Pro-Palestinian protesters on Golden Gate Bridge charged


Protesters blocked traffic on the Golden Gate Bridge in mid-April to draw attention to the war in Gaza and the suffering of Palestinian civilians whose cities were being bombed.

Now, San Francisco authorities are prosecuting them for trapping people in their cars on the bridge for hours. The San Francisco Public Defender responded that officials were “using the law as a weapon” against protesters and wants the charges dropped.

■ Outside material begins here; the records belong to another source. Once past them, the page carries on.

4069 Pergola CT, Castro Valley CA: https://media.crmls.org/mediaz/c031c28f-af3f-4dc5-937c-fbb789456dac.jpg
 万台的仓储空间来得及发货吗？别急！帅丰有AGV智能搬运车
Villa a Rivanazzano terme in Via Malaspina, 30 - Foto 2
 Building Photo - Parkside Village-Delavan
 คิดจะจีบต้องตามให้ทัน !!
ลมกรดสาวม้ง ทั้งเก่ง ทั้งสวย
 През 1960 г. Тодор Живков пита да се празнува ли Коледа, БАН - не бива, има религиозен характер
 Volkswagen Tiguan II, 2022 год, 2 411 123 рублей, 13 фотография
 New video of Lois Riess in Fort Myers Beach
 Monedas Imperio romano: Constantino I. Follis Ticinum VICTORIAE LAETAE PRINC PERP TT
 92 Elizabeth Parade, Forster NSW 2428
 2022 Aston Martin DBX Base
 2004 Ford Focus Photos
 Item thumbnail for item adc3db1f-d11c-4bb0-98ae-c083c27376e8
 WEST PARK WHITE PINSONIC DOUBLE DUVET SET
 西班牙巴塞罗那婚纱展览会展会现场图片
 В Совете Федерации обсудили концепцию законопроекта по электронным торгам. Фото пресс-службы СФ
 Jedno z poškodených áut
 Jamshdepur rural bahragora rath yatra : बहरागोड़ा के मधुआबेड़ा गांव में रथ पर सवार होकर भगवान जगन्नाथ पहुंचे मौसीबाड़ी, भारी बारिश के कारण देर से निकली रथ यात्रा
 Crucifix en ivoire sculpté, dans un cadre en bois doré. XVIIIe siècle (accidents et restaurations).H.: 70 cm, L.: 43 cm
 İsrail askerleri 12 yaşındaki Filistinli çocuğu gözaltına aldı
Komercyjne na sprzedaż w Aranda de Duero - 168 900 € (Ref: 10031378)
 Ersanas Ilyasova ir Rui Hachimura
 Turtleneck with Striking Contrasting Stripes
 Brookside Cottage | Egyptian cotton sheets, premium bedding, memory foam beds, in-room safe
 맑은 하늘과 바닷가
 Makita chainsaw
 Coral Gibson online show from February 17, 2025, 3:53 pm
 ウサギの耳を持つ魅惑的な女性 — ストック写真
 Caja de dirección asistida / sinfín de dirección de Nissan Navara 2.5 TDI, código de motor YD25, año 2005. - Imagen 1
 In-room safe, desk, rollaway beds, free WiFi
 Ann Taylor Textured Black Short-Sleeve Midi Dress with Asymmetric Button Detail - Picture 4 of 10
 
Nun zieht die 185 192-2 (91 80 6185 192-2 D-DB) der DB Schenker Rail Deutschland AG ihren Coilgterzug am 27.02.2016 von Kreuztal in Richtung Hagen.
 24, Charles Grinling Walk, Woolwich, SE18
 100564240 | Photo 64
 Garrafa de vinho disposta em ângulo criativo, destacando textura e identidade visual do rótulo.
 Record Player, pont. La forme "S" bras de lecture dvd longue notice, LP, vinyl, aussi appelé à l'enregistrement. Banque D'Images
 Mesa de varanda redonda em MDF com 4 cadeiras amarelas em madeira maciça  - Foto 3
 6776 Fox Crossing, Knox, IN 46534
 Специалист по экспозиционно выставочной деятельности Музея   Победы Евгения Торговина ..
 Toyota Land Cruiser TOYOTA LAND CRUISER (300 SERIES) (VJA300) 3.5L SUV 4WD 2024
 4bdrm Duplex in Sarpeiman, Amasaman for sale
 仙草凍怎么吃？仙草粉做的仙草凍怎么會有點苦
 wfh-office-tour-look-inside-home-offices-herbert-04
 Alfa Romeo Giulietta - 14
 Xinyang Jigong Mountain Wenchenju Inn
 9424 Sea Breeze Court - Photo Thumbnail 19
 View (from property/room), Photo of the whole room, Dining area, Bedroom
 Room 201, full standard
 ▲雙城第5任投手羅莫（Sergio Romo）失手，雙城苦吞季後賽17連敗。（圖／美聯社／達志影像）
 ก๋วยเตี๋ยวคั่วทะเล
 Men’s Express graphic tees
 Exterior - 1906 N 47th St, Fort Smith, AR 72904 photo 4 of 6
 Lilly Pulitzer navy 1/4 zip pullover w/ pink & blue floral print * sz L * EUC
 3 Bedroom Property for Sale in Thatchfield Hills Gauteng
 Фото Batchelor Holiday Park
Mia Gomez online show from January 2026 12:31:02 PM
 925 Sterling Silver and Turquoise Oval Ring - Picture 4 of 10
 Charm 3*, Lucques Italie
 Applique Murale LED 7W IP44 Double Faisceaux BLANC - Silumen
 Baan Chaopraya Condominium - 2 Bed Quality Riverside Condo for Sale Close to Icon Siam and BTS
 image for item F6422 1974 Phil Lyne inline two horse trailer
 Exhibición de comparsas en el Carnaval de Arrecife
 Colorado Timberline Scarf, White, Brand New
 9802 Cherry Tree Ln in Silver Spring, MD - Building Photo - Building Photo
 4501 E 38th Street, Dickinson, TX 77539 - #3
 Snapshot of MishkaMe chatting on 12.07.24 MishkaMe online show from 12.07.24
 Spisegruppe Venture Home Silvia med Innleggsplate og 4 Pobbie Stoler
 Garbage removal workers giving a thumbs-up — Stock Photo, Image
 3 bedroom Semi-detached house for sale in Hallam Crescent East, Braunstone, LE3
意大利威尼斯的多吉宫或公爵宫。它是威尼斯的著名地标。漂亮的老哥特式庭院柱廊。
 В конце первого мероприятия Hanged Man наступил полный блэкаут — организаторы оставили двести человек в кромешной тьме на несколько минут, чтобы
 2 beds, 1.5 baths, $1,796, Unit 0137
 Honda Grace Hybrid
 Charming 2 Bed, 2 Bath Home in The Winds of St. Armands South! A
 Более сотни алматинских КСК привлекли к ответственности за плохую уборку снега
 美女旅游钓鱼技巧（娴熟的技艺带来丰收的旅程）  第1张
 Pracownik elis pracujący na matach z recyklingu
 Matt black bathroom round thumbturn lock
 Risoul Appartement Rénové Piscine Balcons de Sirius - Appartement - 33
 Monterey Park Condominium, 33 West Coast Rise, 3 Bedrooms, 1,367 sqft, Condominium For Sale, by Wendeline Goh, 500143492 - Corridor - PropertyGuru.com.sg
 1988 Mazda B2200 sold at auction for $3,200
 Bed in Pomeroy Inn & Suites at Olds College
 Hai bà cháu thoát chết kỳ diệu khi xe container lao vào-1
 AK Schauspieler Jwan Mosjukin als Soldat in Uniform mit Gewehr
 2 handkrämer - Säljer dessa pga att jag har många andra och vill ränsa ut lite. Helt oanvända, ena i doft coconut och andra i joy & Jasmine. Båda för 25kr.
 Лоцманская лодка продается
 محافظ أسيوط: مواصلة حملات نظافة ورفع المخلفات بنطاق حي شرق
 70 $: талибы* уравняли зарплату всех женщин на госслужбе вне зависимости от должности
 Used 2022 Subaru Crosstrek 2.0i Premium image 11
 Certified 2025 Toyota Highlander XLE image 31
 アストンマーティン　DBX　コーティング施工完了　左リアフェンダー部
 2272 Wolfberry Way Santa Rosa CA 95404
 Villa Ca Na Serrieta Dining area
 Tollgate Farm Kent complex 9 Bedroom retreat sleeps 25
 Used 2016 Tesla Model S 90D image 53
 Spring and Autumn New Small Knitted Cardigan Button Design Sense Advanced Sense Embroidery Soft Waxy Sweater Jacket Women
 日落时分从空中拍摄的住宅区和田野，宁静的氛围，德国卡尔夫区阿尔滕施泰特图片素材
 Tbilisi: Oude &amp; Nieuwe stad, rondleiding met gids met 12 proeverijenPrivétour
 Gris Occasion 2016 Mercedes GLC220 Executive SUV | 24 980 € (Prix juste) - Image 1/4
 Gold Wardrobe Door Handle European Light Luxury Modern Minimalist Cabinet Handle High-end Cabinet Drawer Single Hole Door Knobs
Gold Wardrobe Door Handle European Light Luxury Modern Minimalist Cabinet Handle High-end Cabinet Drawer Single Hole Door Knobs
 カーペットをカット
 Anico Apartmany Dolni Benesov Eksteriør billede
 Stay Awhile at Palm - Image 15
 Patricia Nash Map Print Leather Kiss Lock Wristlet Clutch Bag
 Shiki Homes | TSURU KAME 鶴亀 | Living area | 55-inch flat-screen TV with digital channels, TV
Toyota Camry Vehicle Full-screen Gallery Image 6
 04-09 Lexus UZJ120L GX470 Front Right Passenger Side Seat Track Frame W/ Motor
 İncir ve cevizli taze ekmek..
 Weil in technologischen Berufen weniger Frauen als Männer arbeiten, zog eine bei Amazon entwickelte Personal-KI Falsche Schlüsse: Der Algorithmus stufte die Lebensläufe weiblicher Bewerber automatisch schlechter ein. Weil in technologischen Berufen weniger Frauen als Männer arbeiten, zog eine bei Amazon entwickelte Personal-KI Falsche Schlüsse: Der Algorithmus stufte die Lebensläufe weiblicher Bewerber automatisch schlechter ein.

The San Francisco District Attorney's office announced in a news release Monday that arrest warrants have been issued for the 26 people who participated in the April 15 protest. All 26 people turned themselves in to authorities, according to the California Highway Patrol, but have not appeared in court or been assigned legal representation.

“While we must protect avenues for free speech, the exercise of free speech cannot compromise public safety,” District Attorney Brooke Jenkins said in a statement. “The demonstration on the Golden Gate Bridge created a level of safety risk, including extreme threats to the health and well-being of those trapped, that we as a society cannot ignore or allow.”

The group, dubbed the “Golden Gate 26” by supporters, could be represented by the San Francisco Public Defender's Office, which criticized the charges and cited a higher moral authority for the protest.

Pedestrians and bicyclists wait outside the pedestrian gate on the south side of the Golden Gate Bridge as the bridge is closed due to protesters on April 15 in San Francisco.

(Lea Suzuki/Associated Press)

“The protesters oppose U.S. tax dollars being used to fund attacks against the people of Gaza, which the International Criminal Court has deemed crimes against humanity,” San Francisco Public Defender Mano Raju said in a statement. “Our attorneys intend to vigorously defend anyone we are assigned to represent.”

The district attorney's office charged the 26 with trespassing to interfere with a business, obstruction of a public way, unlawful assembly, refusal to disperse at a riot, failure to comply with police orders and 38 counts of false imprisonment. Eight of the defendants also face a felony conspiracy charge and the rest face a misdemeanor conspiracy charge.

Anti-war protests in Gaza have taken over highways, university campuses and city streets since Hamas's Oct. 7 attack on Israel, where militants killed 1,200 Israelis and took some 250 hostages, of whom about 115 remain missing. Since then, Israeli forces have killed nearly 40,000 Palestinians in Gaza, according to Gaza health officials, who include both Hamas forces and civilians in their casualty counts.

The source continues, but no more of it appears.